Deloitte dementiert das Gerücht, dass sich das Big-Four-Haus in Consulting und Auditing aufspalten wolle.
Deloitte dementiert das Gerücht, dass sich das Big-Four-Haus in Consulting und Auditing aufspalten wolle. Foto: OlekAdobe - stock.adobe.com

Das Big-Four-Haus Deloitte hat am heutigen Vormittag Gerüchten widersprochen, dass das Unternehmen sich in ein jeweils eigenständiges Prüfungs– und ein Beratungsunternehmen aufspalten wolle. Den Gerüchten war ein Bericht des „Wall Street Journal“ (WSJ) vorausgegangen, der mögliche Aufspaltungspläne des global tätigen Consultings– und Prüfungsunternehmens adressiert hatte. Das „WSJ“ wurde in seinem Bericht sogar konkret – so soll Deloitte bereits Gespräche mit Bankern bei Goldman Sachs über eine mögliche Teilung des Konzern geführt haben, wenngleich sich diese noch einem frühen Stadium befinden sollen.

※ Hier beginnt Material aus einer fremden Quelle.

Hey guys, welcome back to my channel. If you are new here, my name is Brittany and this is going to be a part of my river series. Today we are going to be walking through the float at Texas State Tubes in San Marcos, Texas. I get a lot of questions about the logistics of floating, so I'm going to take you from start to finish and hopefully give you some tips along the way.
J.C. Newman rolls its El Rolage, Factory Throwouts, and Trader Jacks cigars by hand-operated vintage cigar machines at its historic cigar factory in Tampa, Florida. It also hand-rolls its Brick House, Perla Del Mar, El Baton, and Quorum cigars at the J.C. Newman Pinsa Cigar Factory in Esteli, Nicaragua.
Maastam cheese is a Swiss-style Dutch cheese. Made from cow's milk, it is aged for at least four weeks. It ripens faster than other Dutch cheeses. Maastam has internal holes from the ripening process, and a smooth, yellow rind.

Deloitte-Gerüchte folgen den Abspaltungsgedanken von EY

Auf die Medienberichte hat Deloitte Global geschlossen vor wenigen Stunden mit einem harten Dementi reagiert: „Jüngste Medienberichte, wonach wir einen Plan zur Abspaltung unserer Organisation prüfen, sind eindeutig nicht zutreffend. Wie bereits erwähnt, halten wir an unserem derzeitigen Geschäftsmodell fest“, ließ das Unternehmen als offizielles Statement verlauten. Auch Deloitte Deutschland bleibt auf Nachfrage von FINANCE bei dieser Rhetorik. Punit Renjen, Global CEO von Deloitte, widersprach den Gerüchten sogar persönlich über seinen Twitter-Account vehement.

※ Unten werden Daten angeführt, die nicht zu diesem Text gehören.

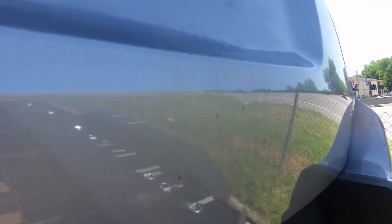Scuffing on the bumper. There's a little dent right there and right below where the tag goes.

Dass solche Gerüchte auf fruchtbaren Boden fallen, überrascht nicht: Erst vor wenigen Wochen war bekannt geworden, dass Deloitte-Konkurrent EY eine weltweite Aufspaltung in zwei separate Einheiten prüft. EY hatte die Medienberichte damals – im Gegensatz zu Deloitte heute – nicht dementiert, sondern mitgeteilt, man prüfe alternative Strukturen und Geschäftsmodelle. Die möglichen Aufspaltungspläne von EY haben Unruhe in die Branche gebracht und diese für Spekulationen wie die aktuellen Gerüchte um Deloitte sensibilisiert.

Tendieren die Big Four zur Aufspaltung?

Zwar scheint der Medienwirbel um Deloitte dieses Mal – anders als bei EY – keine strategischen Pläne des Unternehmens aufgedeckt zu haben. Aber möglich ist, dass sich ein Trend bei den Big Four abzeichnet. Die vier Consulting- und Prüfungs-Giganten waren zuletzt unter Druck geraten, weil Aufsichtsbehörden den Unternehmen mangelnde Unabhängigkeit bei der Bilanzprüfung vorwerfen. Die Behörden kritisieren, durch ihre zusätzlichen Beratungstätigkeiten könnten die Big Four nicht ausreichend unabhängig prüfen.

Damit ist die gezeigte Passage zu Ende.